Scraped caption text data
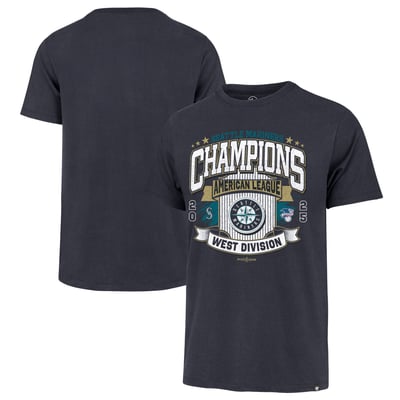  Seattle Mariners '47 2025 AL West Division Champions Franklin T-Shirt - Navy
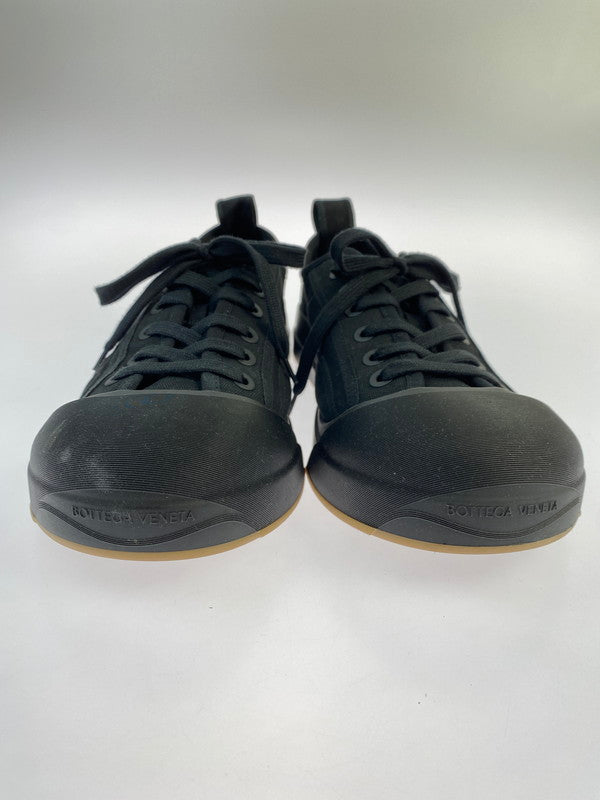 【中古品】【メンズ】 BOTTEGAVENETA ボッテガヴェネタ VULCAN SNEAKERS CANVAS BLACK バルカン スニーカー シューズ 靴 183-241125-me-12-min サイズ：46 カラー：ブラック 黒 万代Net店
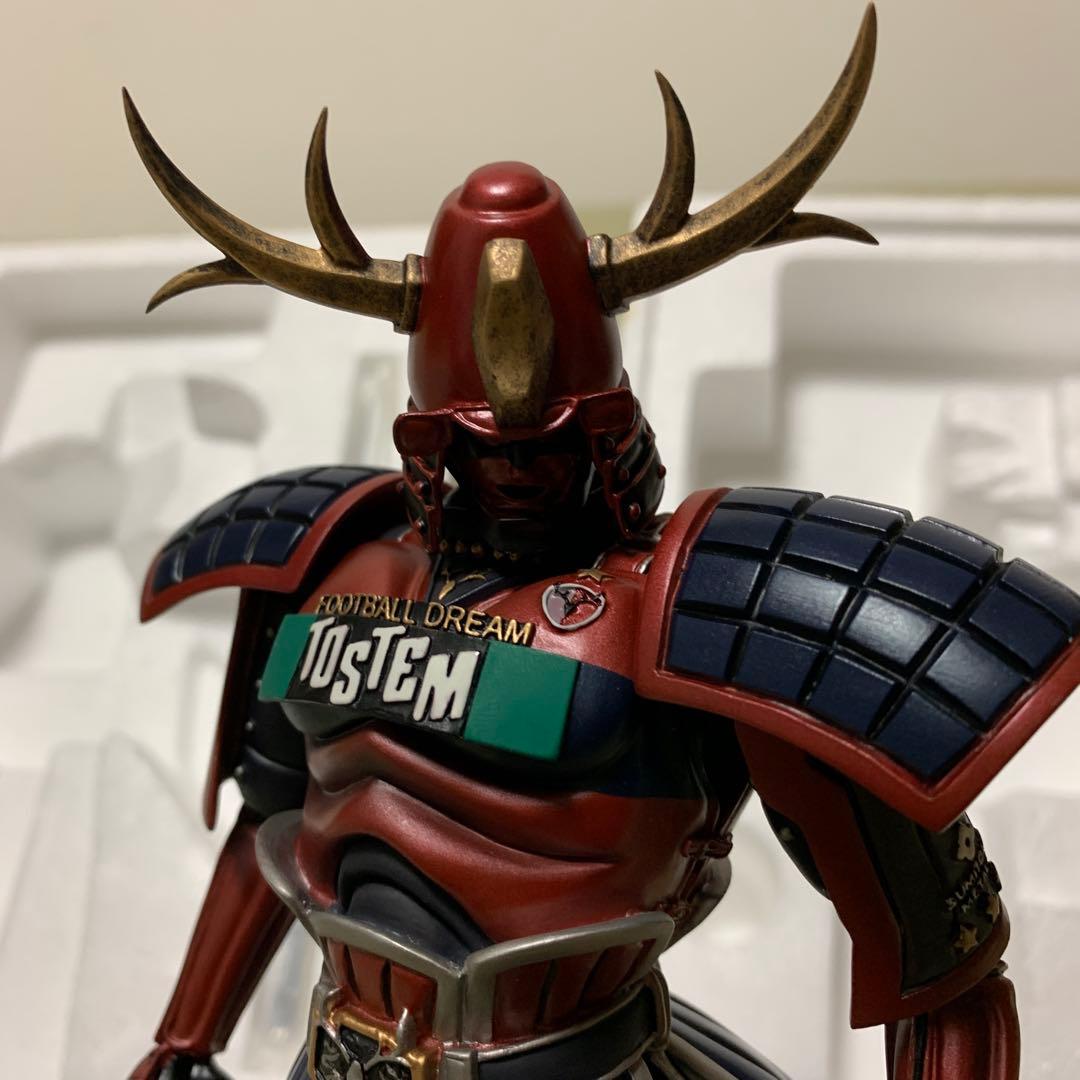 鹿島アントラーズ　侍フィギュア　Jリーグ サッカー　J1鹿島 Amazon | 鹿島アントラーズ 3連覇記念品 侍フィギュア 限定500体生産品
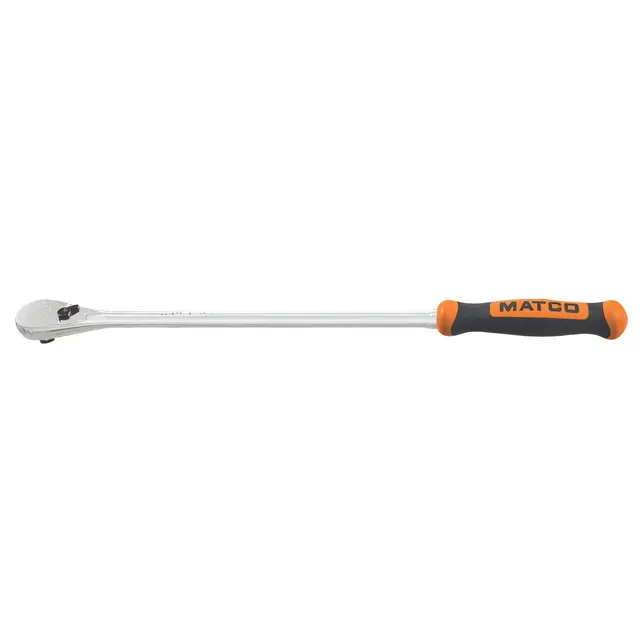 3/8" DRIVE 15-3/4" EIGHTY8 TOOTH FIXED RATCHET WITH ERGO HANDLE - ORANGE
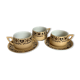 3 grandes tasses et 2 sous tasses Sarreguemines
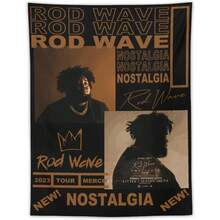 Rap Rod R&B Wave Tapestry, Hip Hop Poster For Party Party Banners, Funny Wall Hanging Backdrop For Room Lobby, Faith Aesthetic Decor 60""X40"", Style2 - 彩色 - 查看 1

**Exercise details:** Reproduce all the entries above exactly. Include no images.

**Task response:**
  Seattle Mariners '47 2025 AL West Division Champions Franklin T-Shirt - Navy
 【中古品】【メンズ】 BOTTEGAVENETA ボッテガヴェネタ VULCAN SNEAKERS CANVAS BLACK バルカン スニーカー シューズ 靴 183-241125-me-12-min サイズ：46 カラー：ブラック 黒 万代Net店
 鹿島アントラーズ　侍フィギュア　Jリーグ サッカー　J1鹿島 Amazon | 鹿島アントラーズ 3連覇記念品 侍フィギュア 限定500体生産品
 3/8" DRIVE 15-3/4" EIGHTY8 TOOTH FIXED RATCHET WITH ERGO HANDLE - ORANGE
 3 grandes tasses et 2 sous tasses Sarreguemines
 Rap Rod R&B Wave Tapestry, Hip Hop Poster For Party Party Banners, Funny Wall Hanging Backdrop For Room Lobby, Faith Aesthetic Decor 60""X40"", Style2 - 彩色 - 查看 1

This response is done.